The annual recreation of George Washington’s journey across the river—after which he entered New Jersey and attacked the Hessians (German soldiers employed by the British)—commemorates a big turning point in the War of Independence.
On the big day, “Washington” delivers a stirring speech to his troops before embarking on the journey in the first of three replica Durham craft—a token number compared to the 1776 crossing, when 2,400 soldiers, 200 horses and 19 cannon were ferried across the river.
The actor playing the great man usually begins his career as a private on a boat before “rising up the ranks” and auditioning to play the lead, a role that requires both acting skill and expert historical knowledge of the period.
Jon Orchard Shopping Centre
People could actually walk inside the six storey tree that popped up in front of this large retail venue last year. It was decorated with one million light emitting diodes and baubles on the outside, and glitter balls on the inside.
North Alberta Jubilee Auditorium
Forget chocolate Santas and plastic reindeer—this 35-foot tree is adorned with 150 real-life singers, who form the centrepiece of a huge annual Christmas concert. Perched on the various branches (which, mercifully, are solid platforms rather than flimsy twigs), the singers belt out the likes of “It’s the Most Wonderful Time of the Year”, “Winter Wonderland” and the cleverly named grand finale: “Santa Claus is Coming to EdmunTown”.
Call that a Christmas tree? This is a Christmas tree
This little island is famous for its highly skilled glass-blowers, so it’s not surprising that it’s also home to the world’s tallest glass tree. Craftsman Simone Cenedese designed the 27-foot structure in 2006, blew each of the branches individually, then bolted them all together.
Away in a penalty area
For a little-known South American sect, the Messiah’s birth didn’t happen more than 2,000 years ago—it was in 1959.
The approximately 150,000 members of the Maradonian Church of the Hand of God worship Diego Maradona, the Argentine 1986 World Cup winner, widely regarded as one of the best footballers of all time.
Christmas for the group takes place on October 30—the birthday of the man they call “D10S” (a fusion of his shirt number and the Spanish word for God).

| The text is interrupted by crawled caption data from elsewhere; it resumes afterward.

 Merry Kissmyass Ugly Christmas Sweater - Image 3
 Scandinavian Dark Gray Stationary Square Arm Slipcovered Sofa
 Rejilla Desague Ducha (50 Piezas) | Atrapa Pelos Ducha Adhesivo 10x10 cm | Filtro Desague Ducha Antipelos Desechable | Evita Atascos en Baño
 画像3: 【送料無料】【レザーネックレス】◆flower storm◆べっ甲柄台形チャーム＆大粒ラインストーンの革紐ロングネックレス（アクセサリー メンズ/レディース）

Customs include singing Diego-themed carols, wearing Argentina shirts, decorating trees with his picture and, um, drinking beer and eating pizza.

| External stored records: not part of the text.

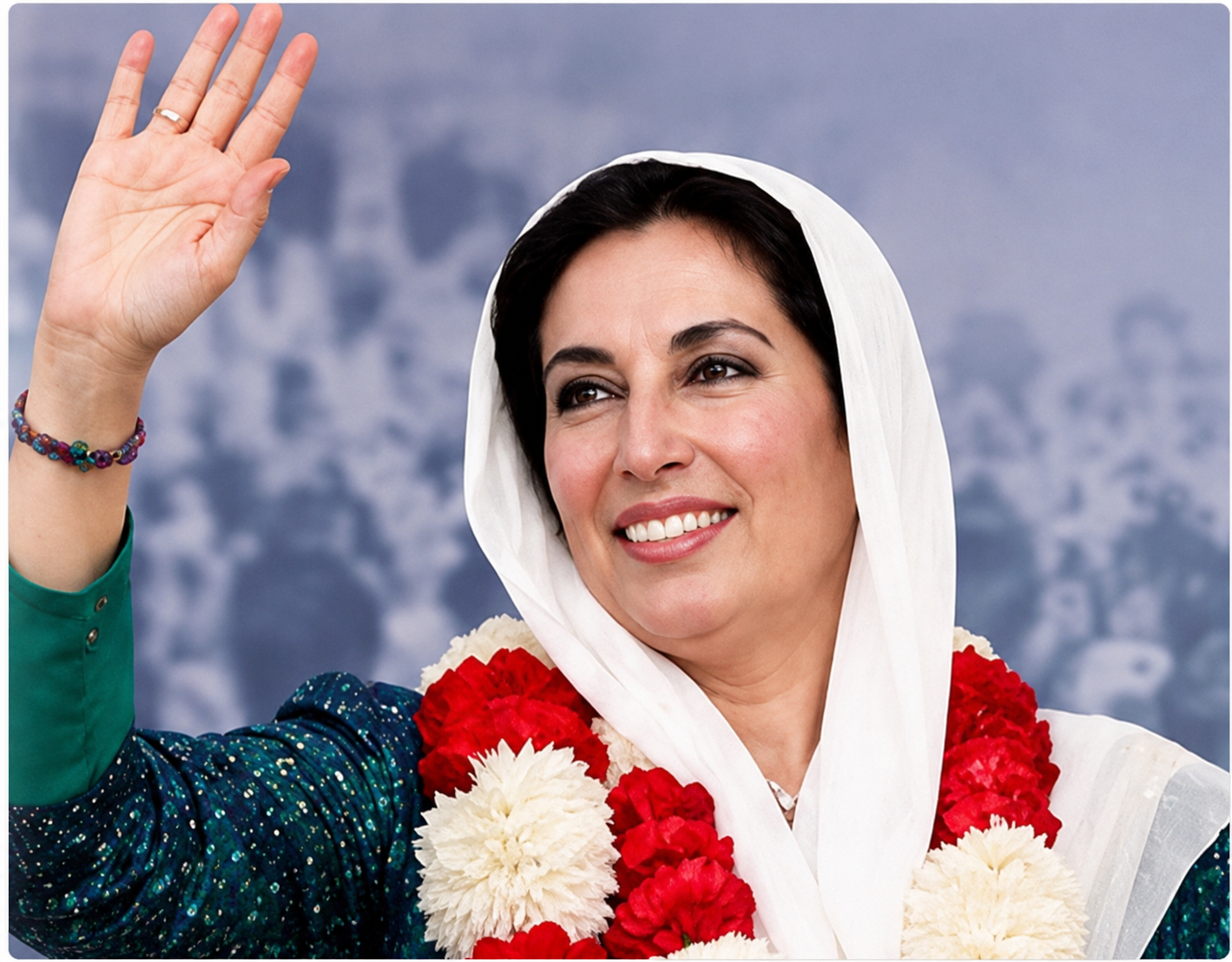 Benazir Bhutto waving to supporters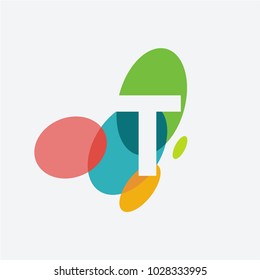 Letter t logo with the letter t in the negative space in white and and colorful ovals in the background.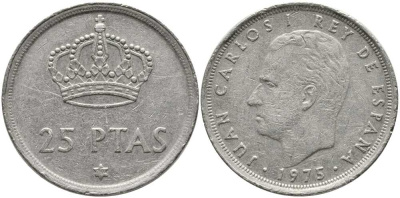Испания 25 песет 1975 (79) Хуан Карлос I (1975-2014) KM 808 медно-никель 111-225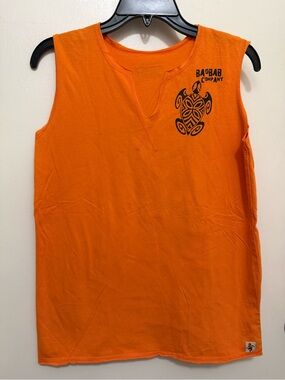 Baobab Collection Orange Sleeveless Tank Top with Black Turtle Print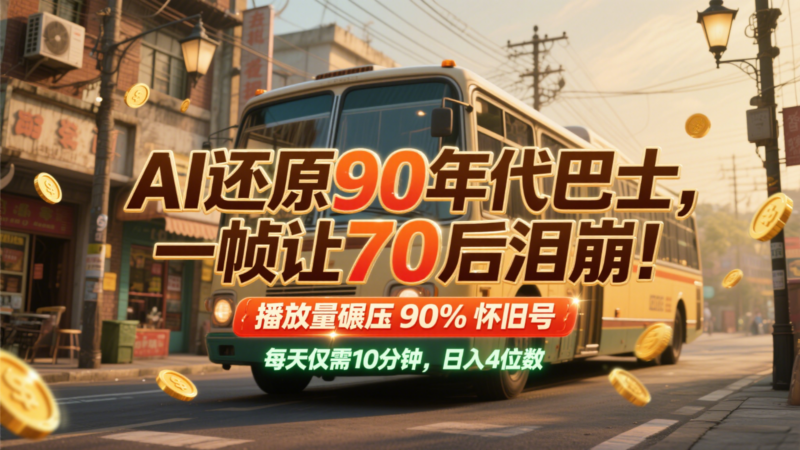 AI还原90年代巴士，一帧让70后泪崩！播放量碾压90%怀旧号，每天10分钟，日入4位数-跃知万川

The church’s other beliefs include considering Maradona’s autobiography I Am Diego a religious text, and requiring worshippers to name their first child after him.
Christmas with the Colonel
December 25 isn’t a national holiday for the largely Buddhist or atheist Japanese, but it’s become a finger-lickin’ cause for celebration thanks to the annual Kentucky Fried Chicken “Christmas party barrel” lunch.
The tradition started in 1974, when KFC executives decided it would be a good idea to give the Japanese a rough sample of what the festive season in America is like—with a Christmas chicken and wine deal for £6.50. A lack of turkeys in Japan meant that a truly traditional meal was out, but this deep-fried poultry alternative was deemed satisfactory.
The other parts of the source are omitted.